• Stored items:
>>

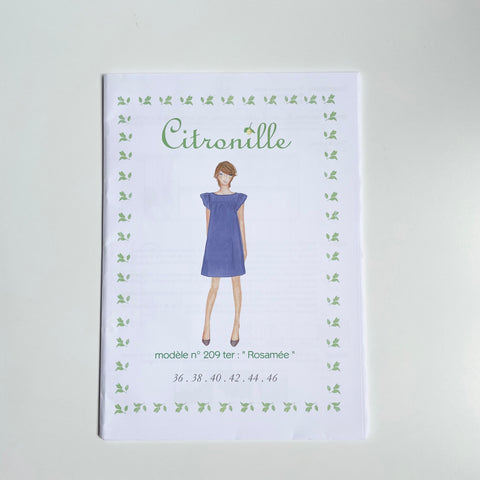 Citronille Patterns : Rosamee Dress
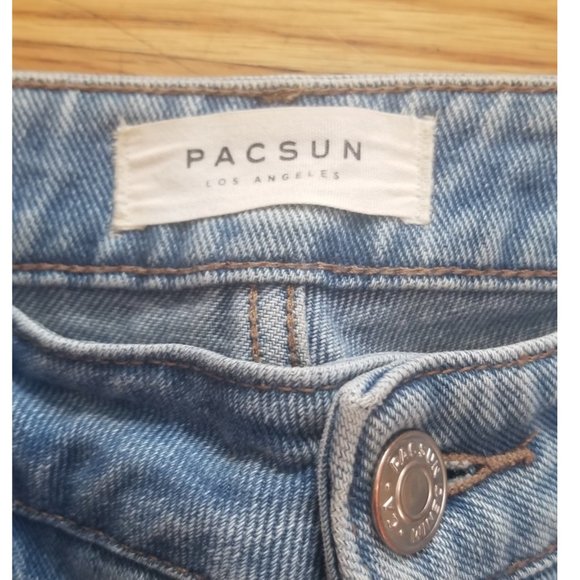Pacsun - Rework Blue Patch and Repair Retro Jeans - Picture 6 of 10
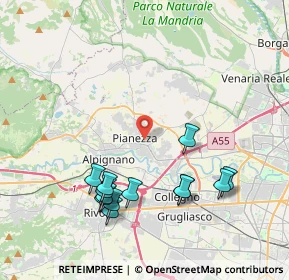 Mappa 10044 Pianezza TO, Italia (4.32)
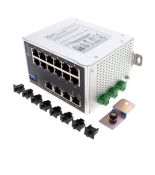 Промисловий Delta Ethernet комутатор 16 портів DVS 016W01 монтаж на DIN рейку 20. 70С Промисловий Delta Ethernet комутатор 16 портів монтаж на DIN рейку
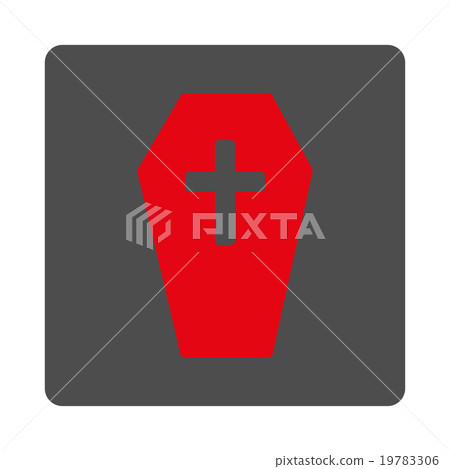 Coffin Rounded Square Button 19783306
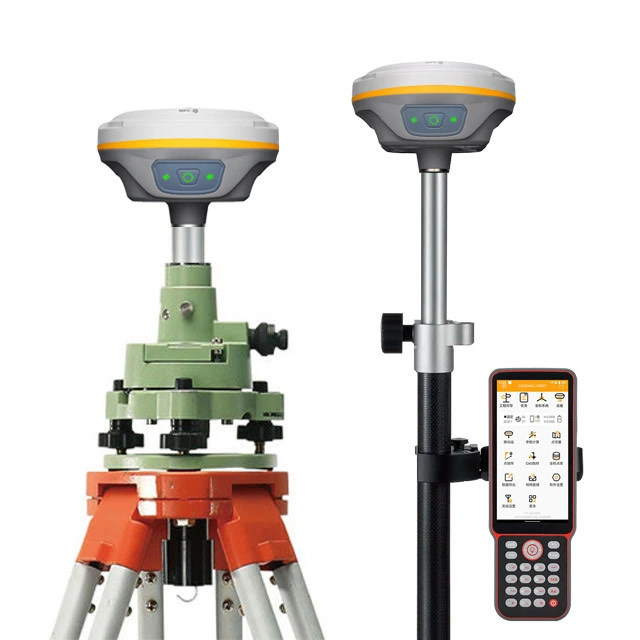 30 heures d'autonomie de batterie longue durée Maplays 1590 canaux A10 Gnss Récepteur IMU RTK GPS différentiel d'arpentage terrestre Instrument de base et de rover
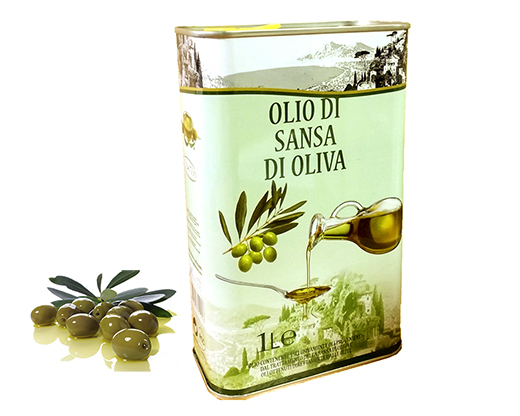Масло оливковое Sansa (Pomace) рафинированное 95% + нерафинированное 5% в ж.б. 1 л.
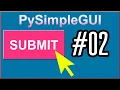 Python PySimpleGUI - Buttons and menu elements Tutorial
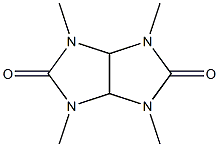 1,3,4,6-tetramethyltetrahydroimidazo[4,5-d]imidazole-2,5(1H,3H)-dione Structure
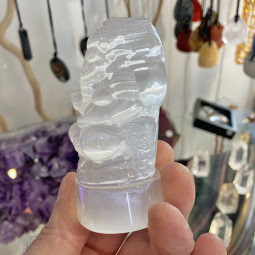 Statuette Ganesh en Sélénite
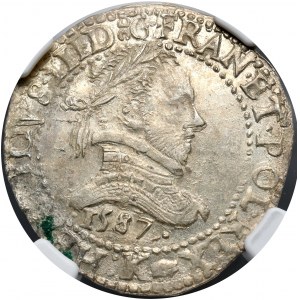 Henryk Walezy, 1/2 franka (demi franc) 1587 K, Bordeux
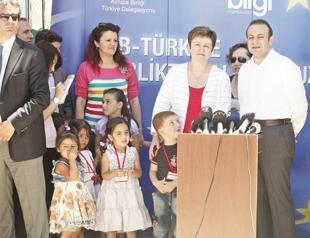 EU Minister Bağış visits refugee camp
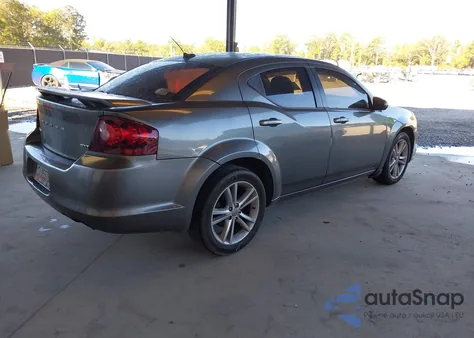 2013 Dodge Avenger Sxt from USA, damaged, VIN 1C3CDZCB2DN581226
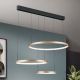 Pendule, Lustre suspendate - Lustra LED suspendata cu 3 inele SPHERE aurie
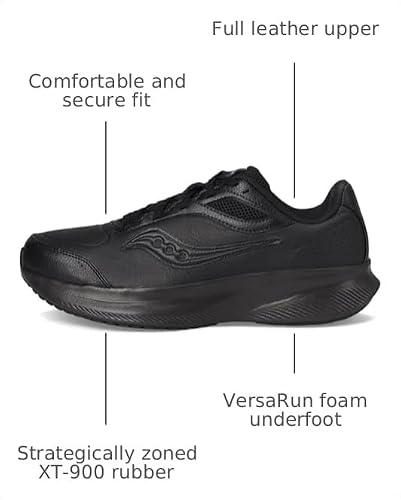 Saucony Men's Integrity Metro Sneaker, Black/Black/Black, 9.5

<<

• THE PROBLEM:
Please repeat, exactly and with nothing else, the lines from the one containing "Coffin Rounded Square Button 19783306" to the last line of the entries, both included, excluding any pictures.

• EXERCISE SOLUTION:
 Coffin Rounded Square Button 19783306
 30 heures d'autonomie de batterie longue durée Maplays 1590 canaux A10 Gnss Récepteur IMU RTK GPS différentiel d'arpentage terrestre Instrument de base et de rover
Масло оливковое Sansa (Pomace) рафинированное 95% + нерафинированное 5% в ж.б. 1 л.
 Python PySimpleGUI - Buttons and menu elements Tutorial
 1,3,4,6-tetramethyltetrahydroimidazo[4,5-d]imidazole-2,5(1H,3H)-dione Structure
 Statuette Ganesh en Sélénite
 Henryk Walezy, 1/2 franka (demi franc) 1587 K, Bordeux
 EU Minister Bağış visits refugee camp
 2013 Dodge Avenger Sxt from USA, damaged, VIN 1C3CDZCB2DN581226
 Pendule, Lustre suspendate - Lustra LED suspendata cu 3 inele SPHERE aurie
 Saucony Men's Integrity Metro Sneaker, Black/Black/Black, 9.5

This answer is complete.